Page MenuHomePhabricator

WDQS: Automatically kill queries > 60s
Closed, DeclinedPublic

Description

Per last week's conversation with @dcausse , the timeout for WDQS is 60s. That means any query that doesn't finish in 60s will never reach the client. As such, there's no point in allowing it to continue.

Creating this ticket to:

  • Validate that this is actually safe (what about workloads that add triples? Would if we kill these queries will we lose that data? And if so, do we care?)
  • Create automation that kills queries that run for > 60s.
  • Verify operation

Event Timeline

I've been looking at queries over 60s data on our end to understand user behaviour. I noticed a lot of queries go over the strictly 60000 limit but the exact query time hovers around 60000+5/10 max and only some (ca. 1000 queries) go way above.

Firstly, how come there's queries that hover around the slightly over 60s mark? Because the timeout isn't actually exactly 60s?

How can I find queries that truly were successful and the user did not see the timeout? I'm trying to find out how many external users (if any) might have "special" privileges. Is it just being assigned a 200 instead of a 500 http status? Is there any criteria for being allowed to run queries that go so much over the limit?

Thank you for indulging my questions! Much appreciated

A few random points:

  • We don't have a way to reliably kill queries in Blazegraph. There is an endpoint to kill individual queries, but in quite a few cases, it doesn't actually work (or at least not in the way you would expect)
  • Timeouts are weird and complex. We might be implementing read timeouts and not request length timeouts. If we still see some data being exchanged, that resets the timeout to zero. In some cases, Blazegraph is able to stream results before the end of the computation, and that might lead to overall query length being longer than the read timeout.
  • We also have timeouts implemented at a number of different layers (Blazegraph, nginx, envoy, haproxy, ats, ...) all with potentially slightly different semantics and configurations.

Ah wow okay, that helps give me more context. Would you have recommendations then, what might be a good enough heuristic to look for queries that time out?

I think that the only reliable way to detect timeouts is to parse the response body. And even then, it's probably not trivial.

Your heuristic of anything > 60 second overall query time is good! Anything > 59 seconds is probably better. At least this would track with the intent of our timeouts, if not with the actual implementation.

I would expect a data analyst to tell us how good this heuristic is, maybe by looking at a sample of individual queries to see if we can categorize them reliably between timed out or not timed out. And I would also expect an analyst to tell us how we can improve this heuristic! I'm not trying to avoid responsibility here, I'm just trying to be explicit that this is a behaviour that we don't entirely understand about our system and that external insight is probably better than our current understanding.

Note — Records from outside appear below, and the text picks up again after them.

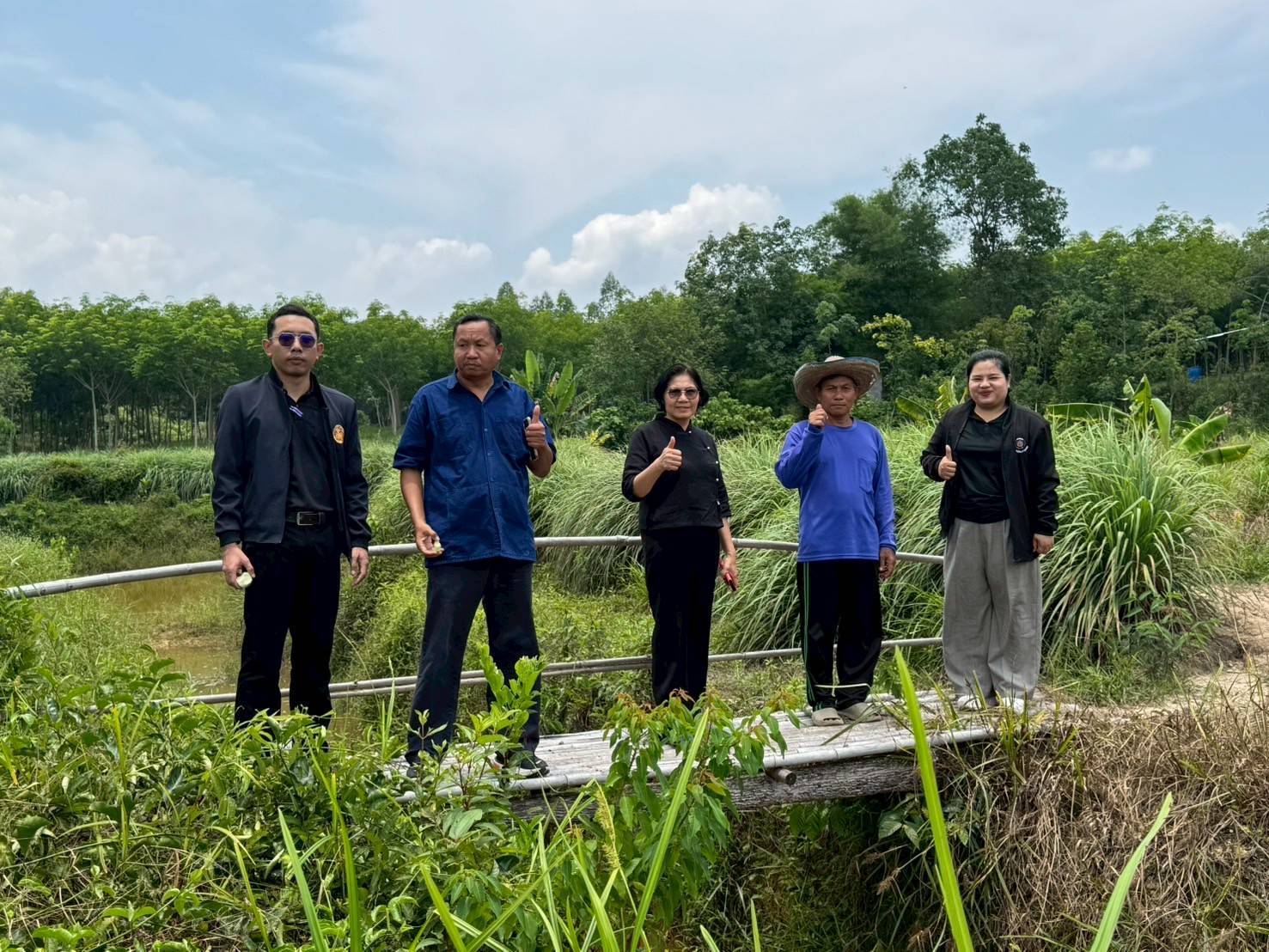 📌 สพอ.เมืองบึงกาฬ ลงพื้นที่เยี่ยมแปลงโคก หนอง นา ติดตามผลการดำเนินงาน พร้อมให้คำแนะนำด้านการบริหารจัดการพื้นที่ 🌱💧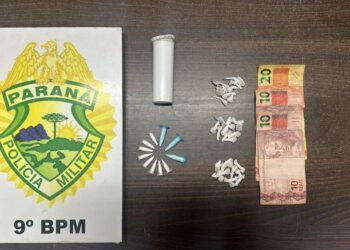 PM flagra adolescente comercializando drogas em Matinhos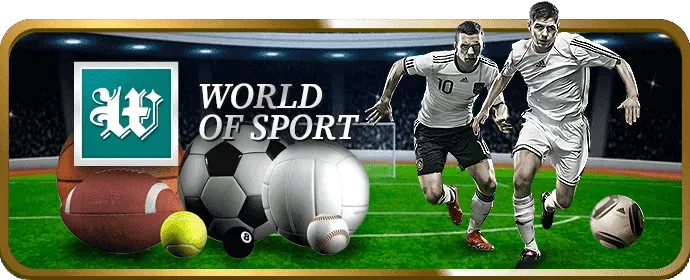 Người chơi eSports đang thi đấu với màn hình và bàn phím chuyên nghiệp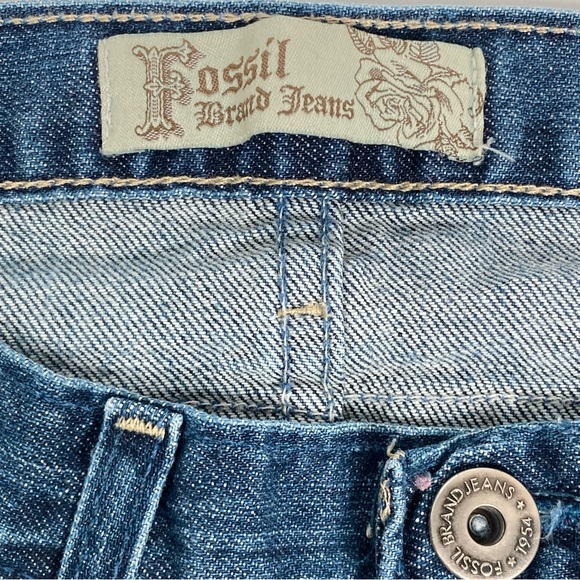 Fossil Brand Jeans Swift Boot Cut Size 2R Blue Medium Wash Distressed Bottom Hem - Picture 10 of 12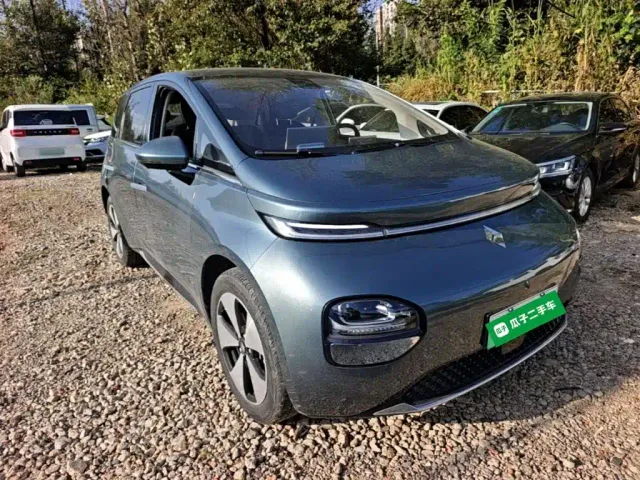 Baojun Cloud — Фото автомобиля 3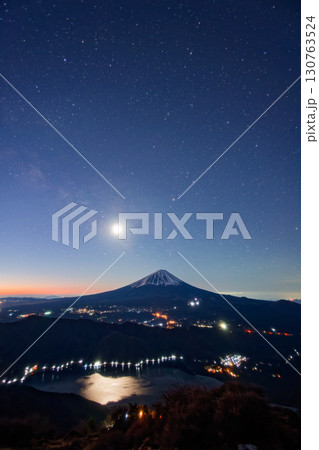 御坂山地・雪頭ヶ岳から見る富士山・西湖の夜景と月・星空 130763524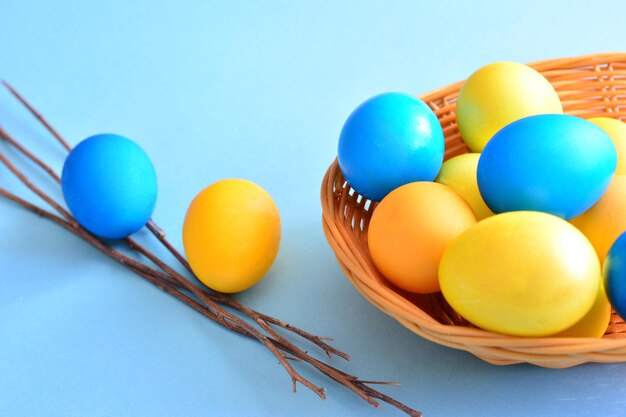 uova di Pasqua blu e gialle nel cestino carta di auguri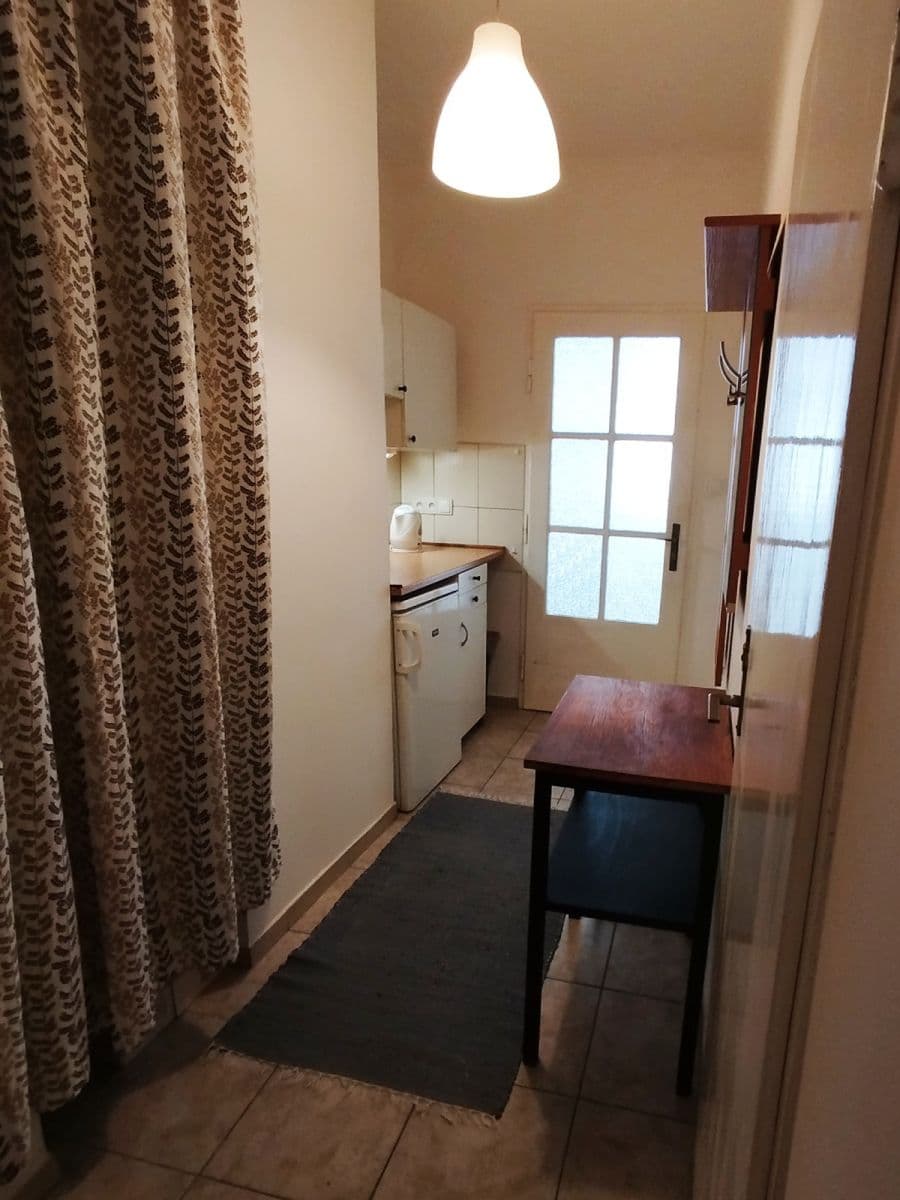 Studio flat to rent, 29 m², Baranova, Prague, Prague Studio flat to rent, 29 m², Baranova, Prague, Prague
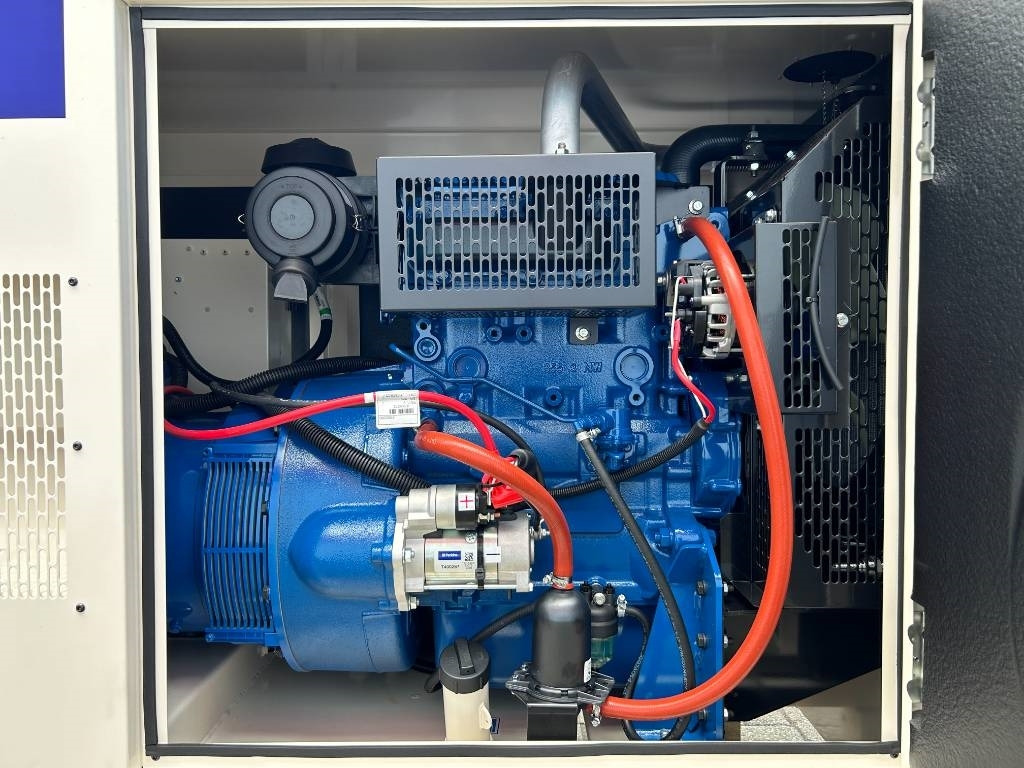 FG Wilson P33-3 - 33 kVA Genset - DPX-16003 - Set gjeneratori: foto 5 FG Wilson P33-3 - 33 kVA Genset - DPX-16003 - Set gjeneratori: foto 5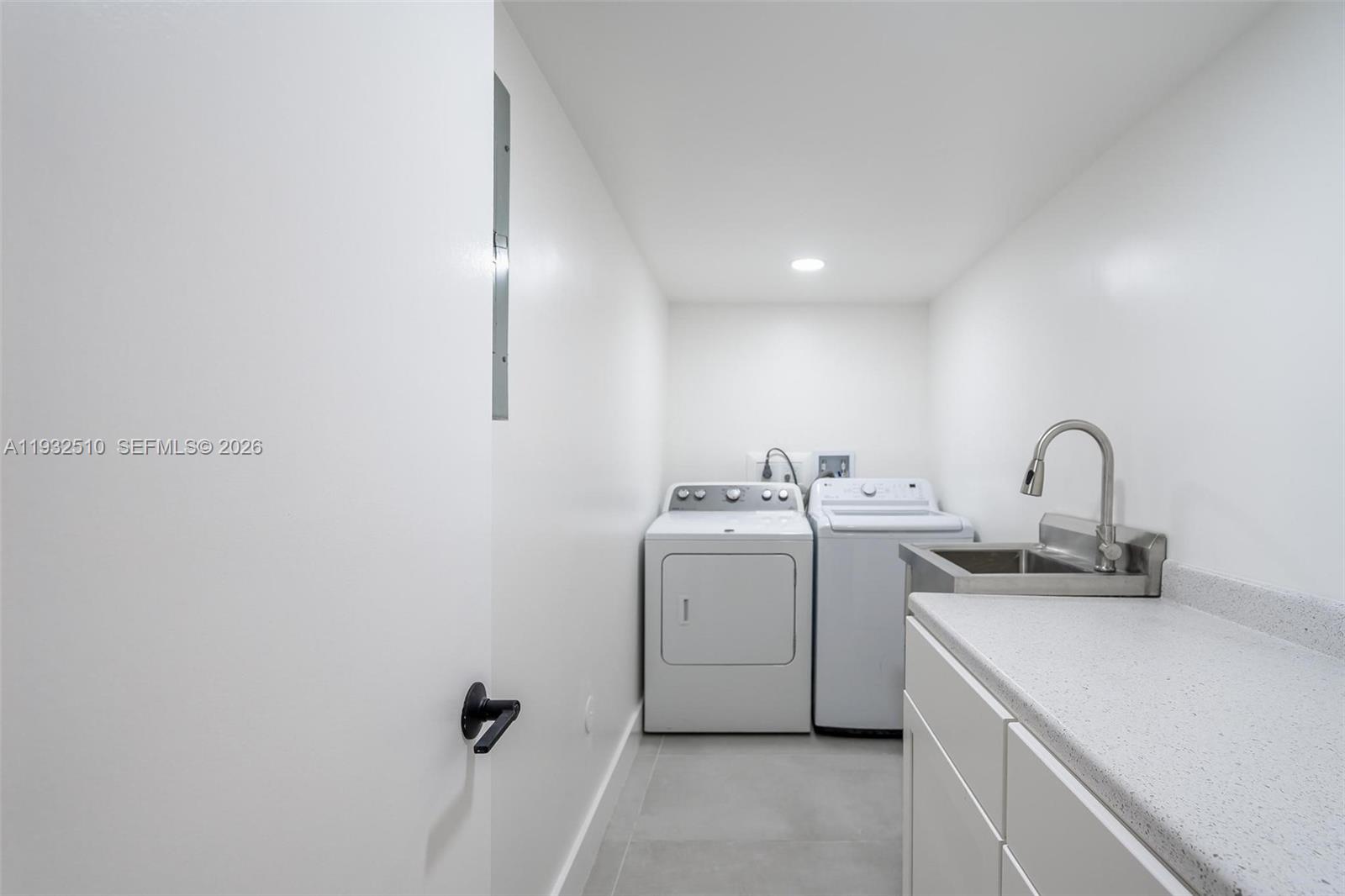 8708 Southwest 79th Place, Unit 8708 Miami, FL 33143 - Photo 15 of 54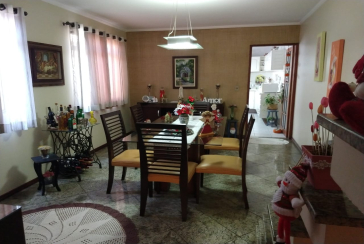  Sobrado à venda no Parque São Domingos na Rua Dona Herminda Borba Attuy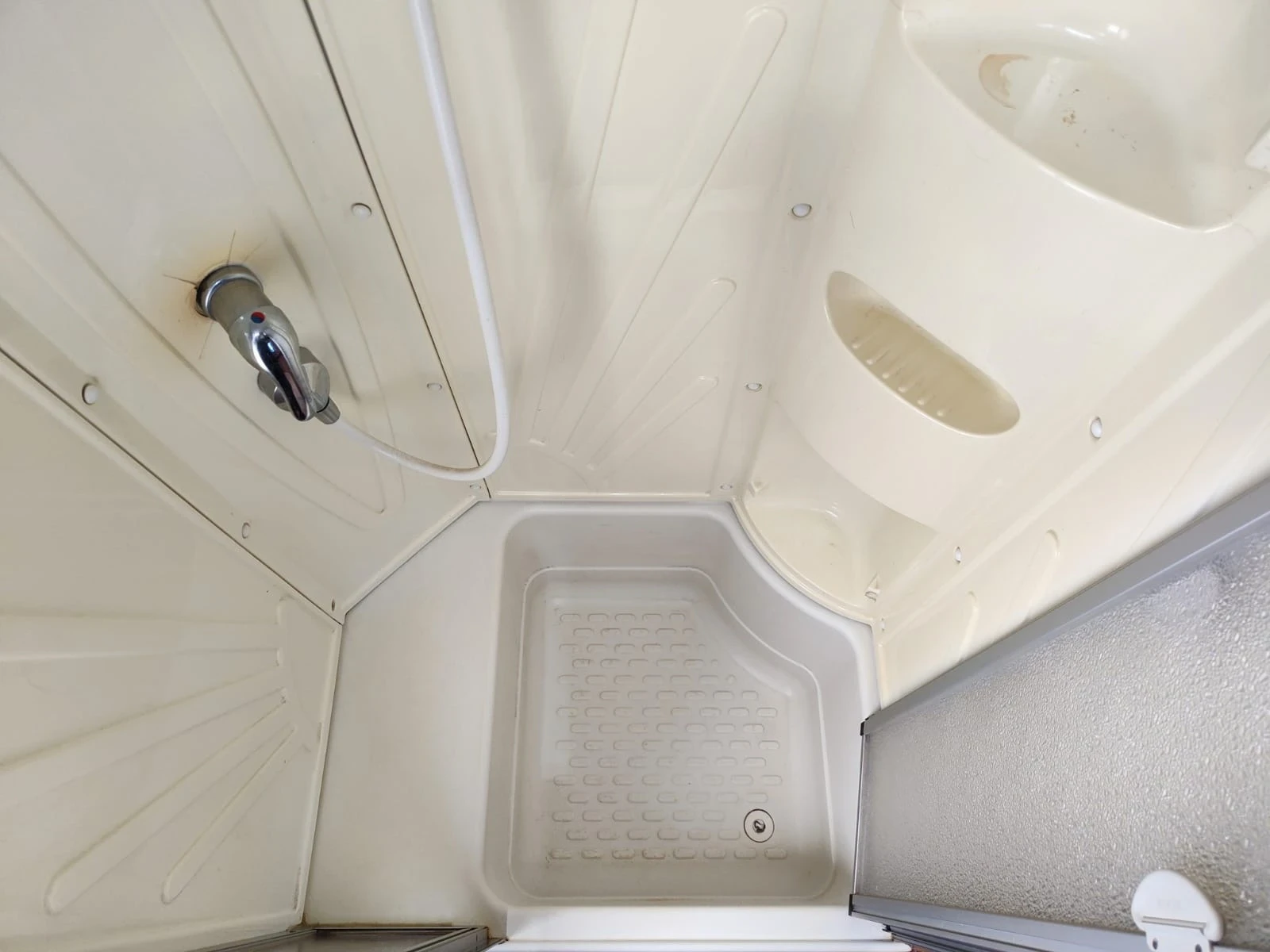 Каравана Fendt Opal 700, снимка 12 - Каравани и кемпери - 53977379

Ah wow okay, that helps give me more context. Would you have recommendations then, what might be a good enough heuristic to look for queries that time out?

You should look at the raw query logs in event.wdqs_external_sparql_query, and filter records with a status code 500 and query_time` > 60 sec. That's still an approximation, since blazegraph
does not return a dedicated status code for timeouts.

However, when a query time outs balzegraph logs a java.util.concurrent.TimeoutException. Searching for instances of java.util.concurrent.TimeoutException in logstash should give you more precision. Devs on your team should have access.

This is strictly for queries that timed out by the database.
As @Gehel pointed out, we might still have other sources of timeouts. E.g. nginx not receiving *any* response from the database and retuning. This usually happens in balzegraph failure scenarios.

You should look at the raw query logs in event.wdqs_external_sparql_query, and filter records with a status code 500 and query_time` > 60 sec. That's still an approximation, since blazegraph does not return a dedicated status code for timeouts.

Yeah this is what I've done in the past!

But, I'll give it a shot with looking at the specific error in logstash and to @Gehel no issue at all! I appreciate your input, I'll also go gather insights from data analysts and see what we can come up with.

Thanks both

BTracy-WMF triaged this task as Medium priority.Dec 3 2025, 8:54 PM
BTracy-WMF moved this task from Incoming to Analysis on the Wikidata-Query-Service board.

Let's not spend time in improving Blazegraph operations, we're movign to a different backend. It is unlikely that we can have a robust implementation of killing queries on Balzegraph anyway.